A oposição feita a uma ideia está sempre na razão de sua importância. Se o Espiritismo fosse uma utopia, dele não se teriam ocupado, como de tantas outras teorias. A obstinação da luta é indício certo de que o levam a sério. Mas se há luta entre o Espiritismo e o clero, a História dirá quais foram os agressores. Os ataques e as calúnias de que foi objeto o forçaram a devolver as armas que lhe atiravam e a mostrar o lado vulnerável de seus adversários. Perseguindo-o, detiveram sua marcha? Não, certamente. Se o tivessem deixado em paz, nem o nome do clero teria sido pronunciado e talvez este tivesse vencido. Atacando-o em nome dos dogmas da Igreja, forçaram-no a discutir o valor das objeções e, por isto mesmo, a entrar num terreno que ele não tinha intenção de enveredar. A missão do Espiritismo é combater a incredulidade pela evidência dos fatos, reconduzir a Deus os que o desconheciam, provar o futuro aos que criam no nada. Então, por que hoje a Igreja lança mais anátemas sobre aqueles aos quais dá fé, do que quando em nada criam? Repelindo os que creem em Deus e na alma pelo Espiritismo, é constrangê-los a buscar refúgio fora da Igreja. Quem primeiro proclamou que o Espiritismo era uma religião nova, com seu culto e seus sacerdotes, senão o clero? Onde se viu, até agora, o culto e os sacerdotes do Espiritismo? Se algum dia tornar-se uma religião, é o clero que o terá provocado.
[Revista
de agosto de 1864.]
6 CORRESPONDÊNCIA.
RESPOSTA DO REDATOR DO VÉRITÉ À RECLAMAÇÃO DO ABADE BARRICAND.
Caro Senhor Allan Kardec,
Faríeis a gentileza de inserir algumas linhas no próximo número de vossa Revista?
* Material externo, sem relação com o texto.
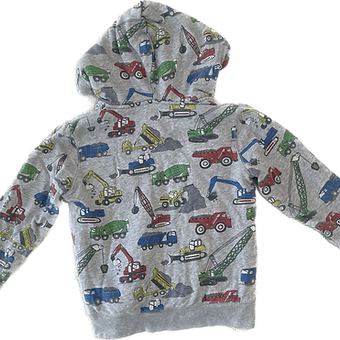 Back of printed MiniBoden hoodie for kids aged 7-8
Fiquei deveras surpreso ao abrir o último número do vosso jornal (julho de 1864) e aí encontrar uma carta assinada Barricand, na qual esse teólogo investe contra mim a propósito de um relato que publiquei sobre um de seus cursos antiespíritas (Vérité de 10 de abril de 1864).
As observações muito judiciosas, que fizestes acompanhar esse inqualificável e muito tardio protesto, certamente me teriam dispensado de o responder pessoalmente, se não tivesse temido que, aos olhos de alguns, o meu silêncio passasse por uma derrota ou um erro. Declaro com todas as letras que minha consciência não poderia associar-se à grave censura que ele me fez de haver fantasiado, falsificado o curso de que se trata. Eu o afirmo perante Deus: Se nem sempre reproduzi as mesmas frases, as mesmas palavras pronunciadas por meu contraditor, continuo convicto de lhes haver dado o verdadeiro sentido.
Depois disto, que a alta inteligência do abade Barricand julgue a minha muito ínfima ou muito pesada para ter podido captar o verdadeiro tema de seu discurso, através de caminhos sinuosos, mas floridos, por onde passeou; que o abade Barricand tire desta premissa a indução que, em semelhante circunstância, não me é mais permitido afirmar nem infirmar; palavra de honra, é bem possível! Neste caso, e para ser fiel aos meus princípios de tolerância, eu quase consentiria em me censurar por haver defendido o Vérité e os outros jornais espíritas contra acusações ilusórias, nascidas de meu cérebro em delírio; em me bater no peito por haver compreendido que, em vez de dobrar a finados sobre as nossas cabeças, contentavam-se, ao que parece, em nos tomar o pulso.
Assim se apaziguará, espero, a ira do Sr. deão da Faculdade de Teologia; desse modo serão reabilitados, aos olhos do mundo, a sua pessoa e o seu ensino.
Aceitai, etc.
E. Edoux.
Diretor do Vérité.
[1]
[Rapport
de M. l’abbé Barricand,… lu à la rentrée solennelle des Facultés
de Lyon, le 1er décembre 1857 — Google Books.]
[2] [Le
Sauveur des peuples, journal du spiritisme… 1re [-2e]
année… A. Lefraise — 1864 — Google Books.]